Katrina and Janet had a spirited back and forth extolling why the fellows program is as important for organizations as it is for for the fellows. These are the kinds of programs that make Encore.org so valuable.

Between Katrina, Janet and Adele, a list emerged of what makes Encore Fellows unique and how both fellow and nonprofit leader can set themselves up for success. To paraphrase:

A fellow is a great way to fill a gap (As Katrina put it, “someone who understands what I don’t know…and I don’t know marketing!)
A fellow is a thought partner who can “go to meetings with me, or for me.”
A fellow has emotional maturity and can manage her own time.
To set up for success with a fellow, nonprofit hosts need to properly integrate and onboard the fellow and onboard (including enough history so that the fellow isn’t offering up ‘last year’s big idea’ to a junior staffer too polite to point it out.)
Nonprofits should understand that this isn’t just a consulting gig, it’s a matter of heart and head.

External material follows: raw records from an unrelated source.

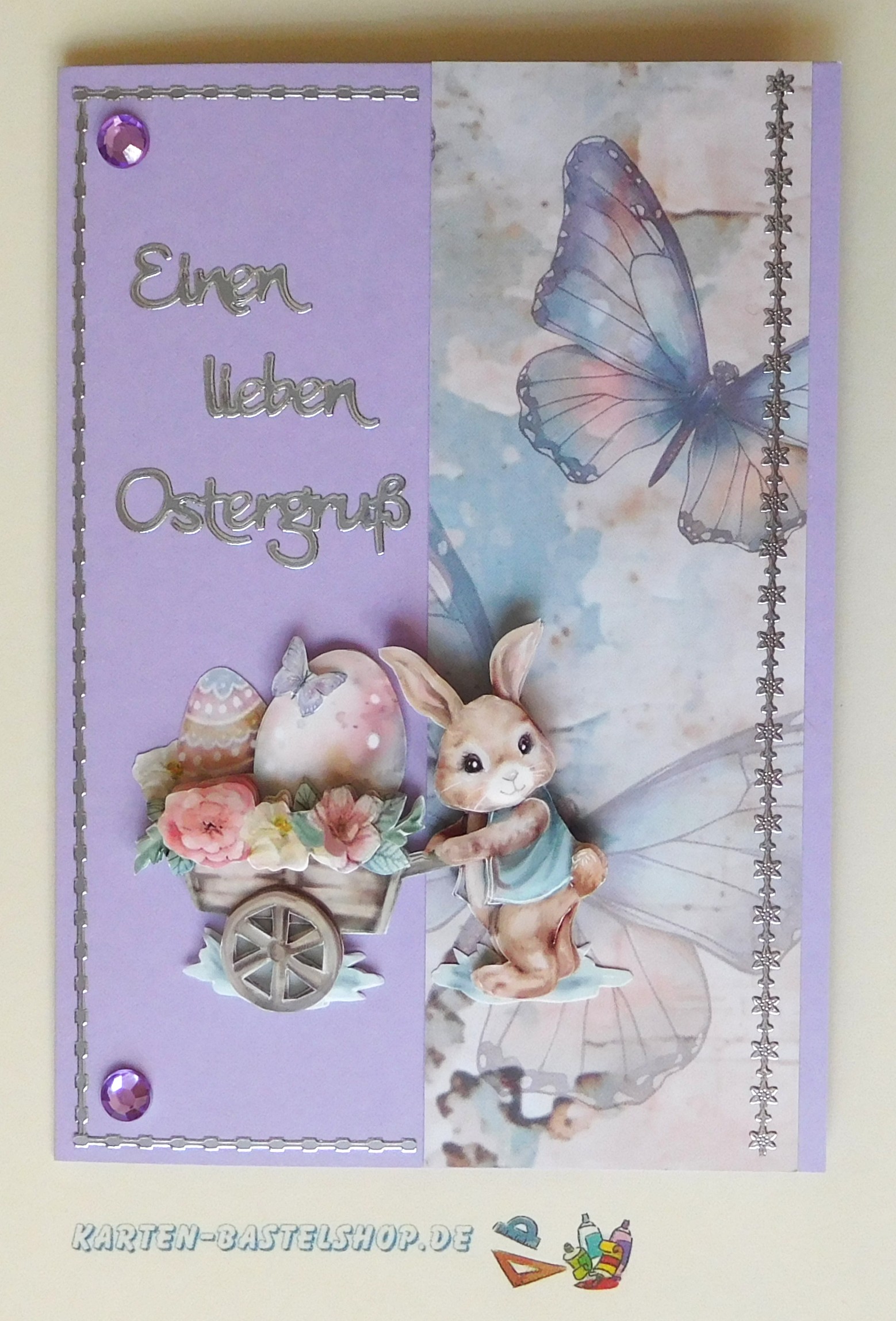 Lila Osterkarte mit Schmetterlingspapier und Hasenmotiv mit Schubkarre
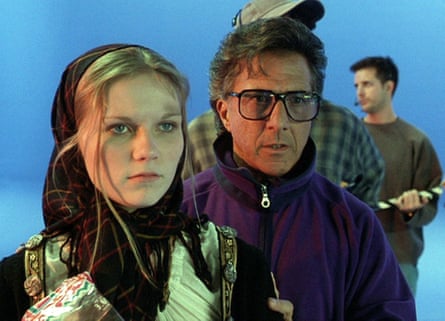 Kirsten Dunst, wearing a headscarf and with smudges of dirt on her face, and Dustin Hoffman with a blue-screen set in the background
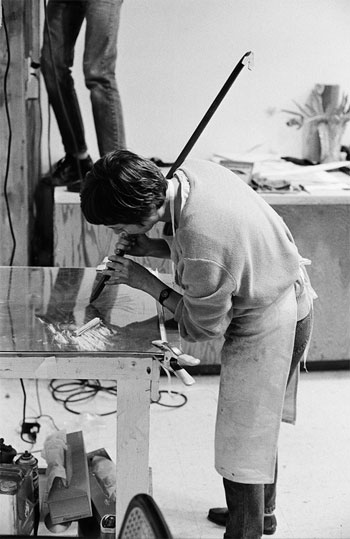 Susan using a crowbar to create an image on an etching plate, 1986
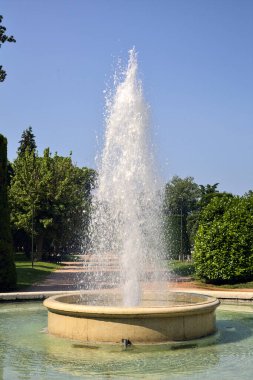 Güneşli bir günde, bir İtalyan kasabasındaki bir parkın meydanındaki çeşme.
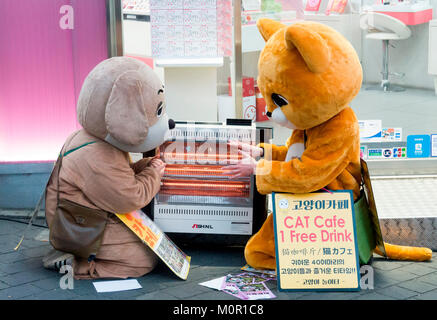 Seoul, South Korea. 23rd January, 2018. Korean weather, Jan 23, 2018 : Part-time workers promoting pet cafes get warm by an electric heater of a cosmetics store on Myeongdong shopping street in Seoul, South Korea. An extreme cold wave hit the country on Tuesday with lows of minus 13 degrees Celsius and with wind chill temperature of minus 20.1 C in Seoul, according to the Korean Meteorological Administration. Credit: Lee Jae-Won/AFLO/Alamy Live News Stock Photo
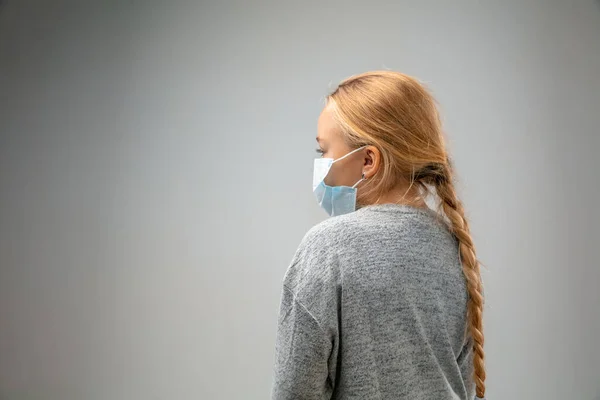 Chica caucásica con la máscara de protección respiratoria contra la contaminación del aire y el atardecer sobre fondo gris estudio — Foto de Stock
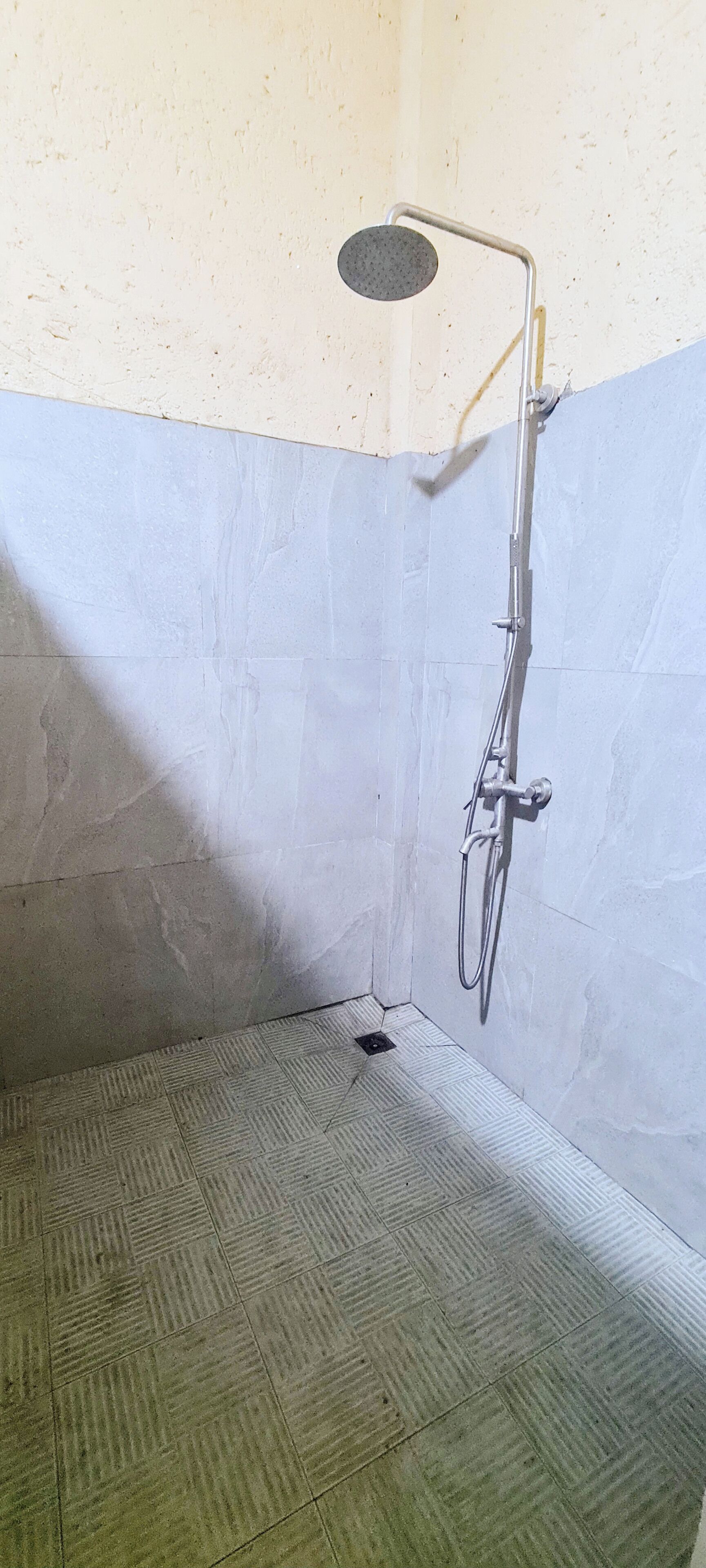 A shower area with a handheld showerhead, a floor drain, and tiled walls.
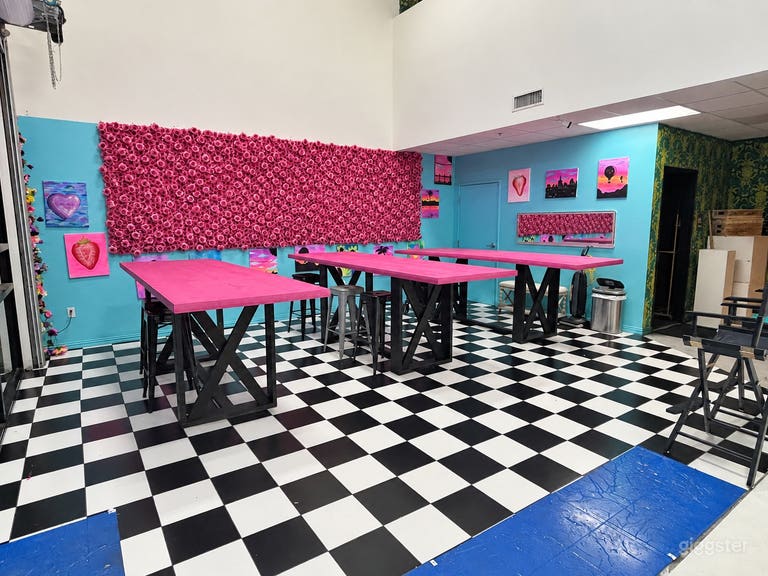  Pink Event Space with Three Tables & White Cyclorama 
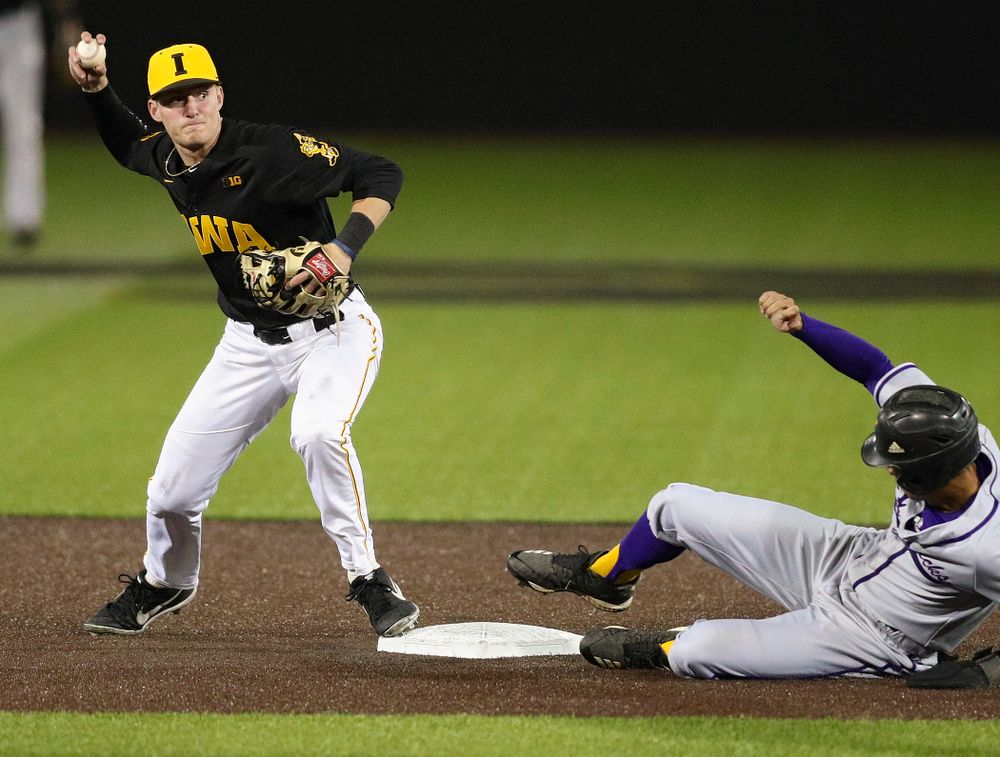 Iowa Hawkeyes second baseman Brendan Sher (2) throws to first base as they turn a double play during the seventh inning of their game against Western Illinois at Duane Banks Field in Iowa City on Wednesday, May. 1, 2019. (Stephen Mally/hawkeyesports.com)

Fellows need humility to do this job and t take the time to understand the culture of their host. Even for fellows with impressive backgrounds, they are joining a team of specialists and experts.
A great fellow needs to a realist, flexible, and above-all passionate.
Sometimes as a fellow it’s better to ask for forgiveness than permission.
Nonprofits are often filled with young people, so fellows often bring an intergenerational element to an organization and serve as a peer for a founder or ED. But that doesn’t mean the learning goes only one way. Fellows learn every day from their junior colleagues.
At the end of the evening there was a consensus that this was an important alliance. The YANA program brings a host of talented, brilliant new people into the encore circle and I hope to see new programs developed, funds raised and consciousness expanded on both sides. I think I see many more YANA/Encore partnerships going forward.